Question

The degrees of freedom of a diatomic gas at normal temperature is:
A) $3$
B) $4$
C) $5$
D) $6$

Answer 1

Hint: The degrees of freedom is the change in the state of the physical system or of the motion exhibited by the particular molecule which is located in a particular space. It varies for the monatomic, diatomic and the triatomic molecules.

Complete step by step solution:
The movement of the particle in the three dimensional space constitutes the three degrees of freedom. In the diatomic molecule, the whole molecule exhibits three degrees of freedom due to its centre of mass and also has another three degrees of freedom. These diatomic sets have been decomposed mainly in terms of the translation, vibration and the rotation of the molecule.
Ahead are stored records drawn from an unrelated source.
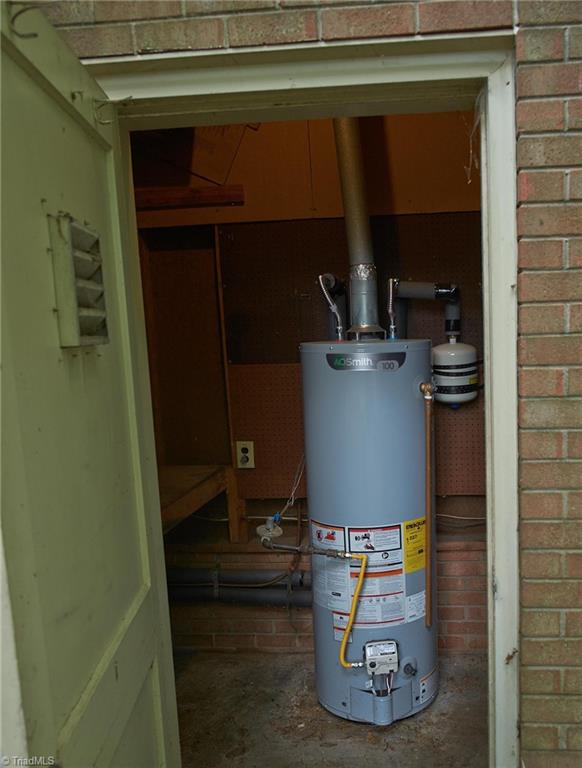 907 Onslow Drive Property Photo 43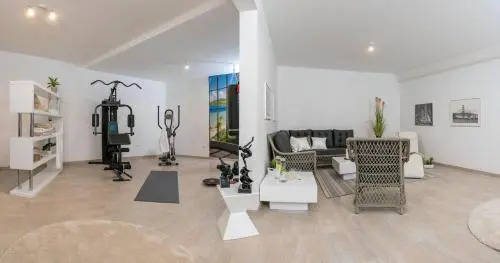 Luxury Villa Happiness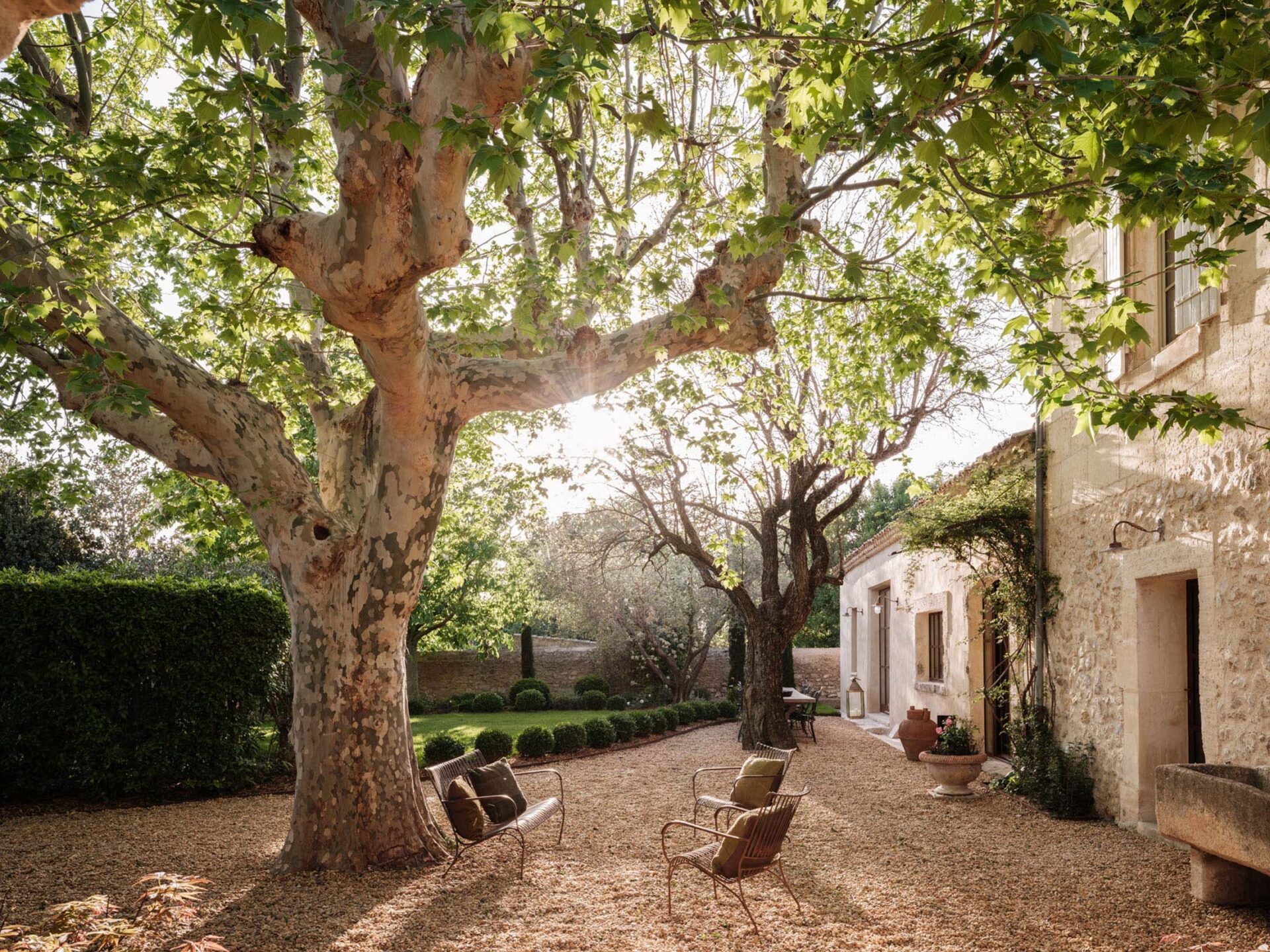 Courtyard-House-Provence-16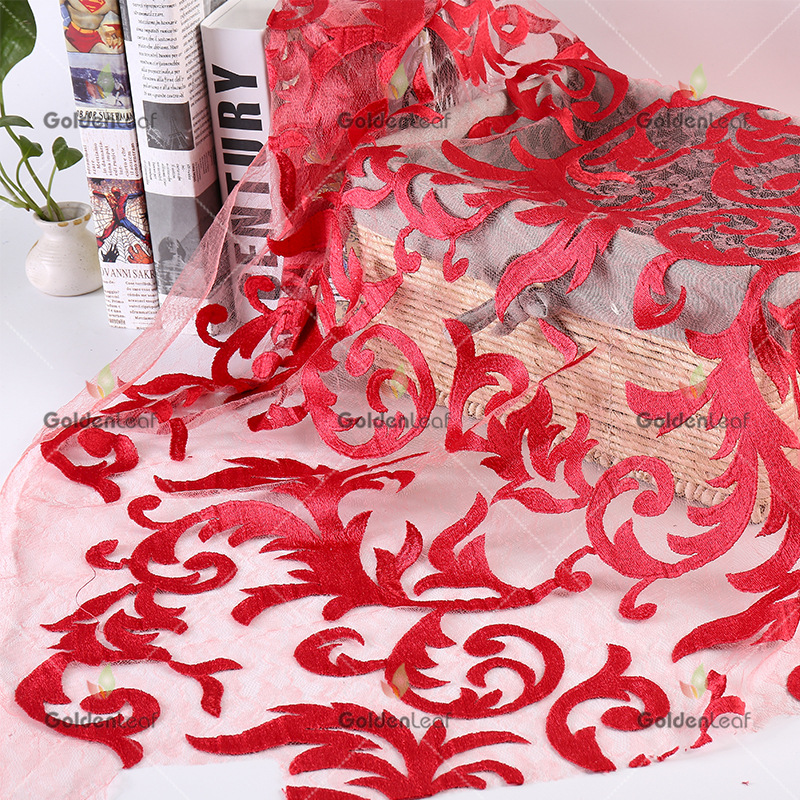 厂家热销新款锦纶网底绣花面料时尚女装刺绣面料箱包连衣裙布料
A single diatomic molecule has two rotational types of the motion and one vibrational type of the motion. In the diatomic molecule, the rotation takes place perpendicular to that of the axis joining the two atoms but it is not a physical degree of the rotation. Hence the degrees of freedom of the diatomic molecule is $6$ , but the vibration does not take place at the normal temperature. Hence the total number of the degree of freedom is calculated as follows.
$f = 3 + 2$
By adding the above degrees of freedom,
$f = 5$
Hence the degrees of freedom obtained for a diatomic gas molecule at a normal temperature is $5$ .

Thus the option (C) is correct.

Note: If the $N$ is the number of gas molecules in the container, hence the degrees of freedom is $f = 3N$ . If there occur any restrictions of the motion of the gas molecules and it is considered as $q$, then the degrees of freedom becomes $f = 3N - q$.